Figure 1.

Senescent cells exhibit overall hypomethylation and focal hypermethylation. (a) Proliferating (Prolif.) and senescent (Sen.) IMR90 cells stained for 5-methylcytosine (5-MeC) and single-stranded DNA(ssDNA). Scale bar, 5µm. (b) Quantitation of a in three independent experiments (100 cells each); error bars, mean ± s.e.m. (c) Percentages of methylated and unmethylated basecalls at reference CpG dinucleotides in proliferating and senescent cells. (d) Numbers of CpG dinucleotides becoming hypomethylated (hypo) and hypermethylated (hyper) in senescence. (e) Plot of chromosome 4 (chr 4) percentage methylation for proliferating and senescent cells.

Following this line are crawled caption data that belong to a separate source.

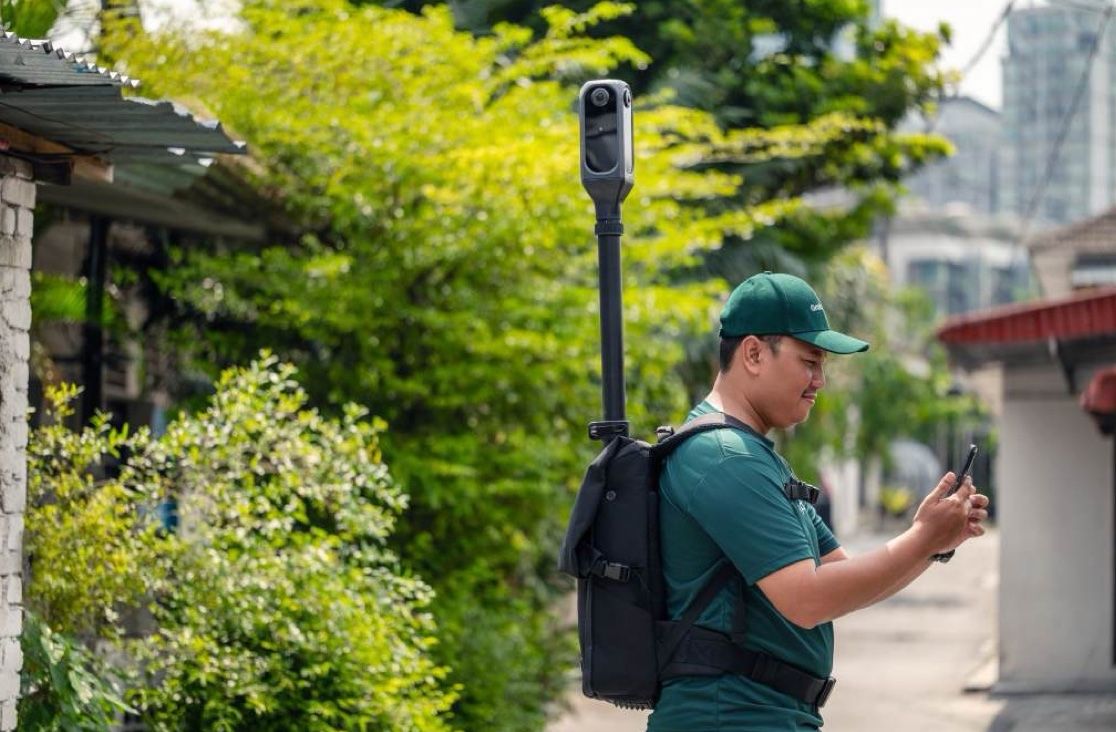 A mapper in a green cap checks his phone beside a leafy house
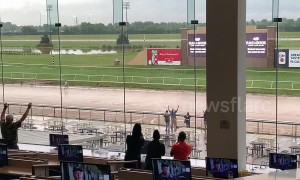 Crowds cheer on man running around course after storm cancels horse racing at Lonestar Park, Texas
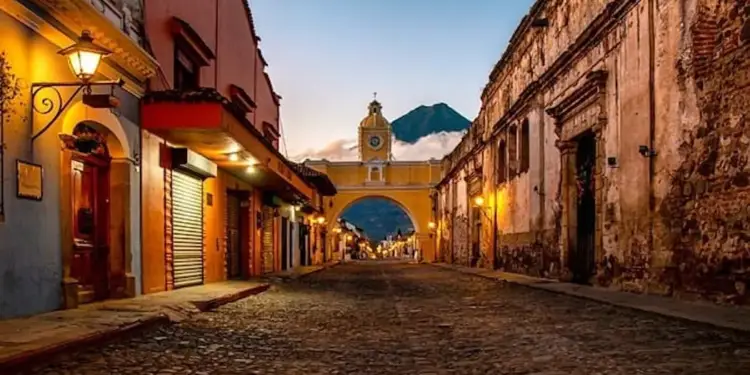 Calle colonial adoquinada flanqueada por edificios históricos coloridos y un arco amarillo con reloj al fondo durante el atardecer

An overlay of these two plots is shown with difference p, proportional to the P value differences between methylation of proliferating and senescent cells. Negative and positive values are hypomethylation and hypermethylation, respectively. (f) Enlargement of boxed region from e. (g,h) Across the whole genome, regions of intermediate methylation in proliferating cells tend to be hypomethylated in senescence. For g and h CpGs were split into 100 bins on the basis of proliferating methylation. The average senescent methylation/methylation difference of each bin was then computed and plotted. (i) Number of hypomethylated and hypermethylated DMRs (differentially methylated regions) over whole genome in senescent cells. (j) Average size of hypomethylated and hypermethylated DMRs over whole genome. bp, base pairs. For c–j data are from whole-genome bisulfite sequencing of three independent replicates.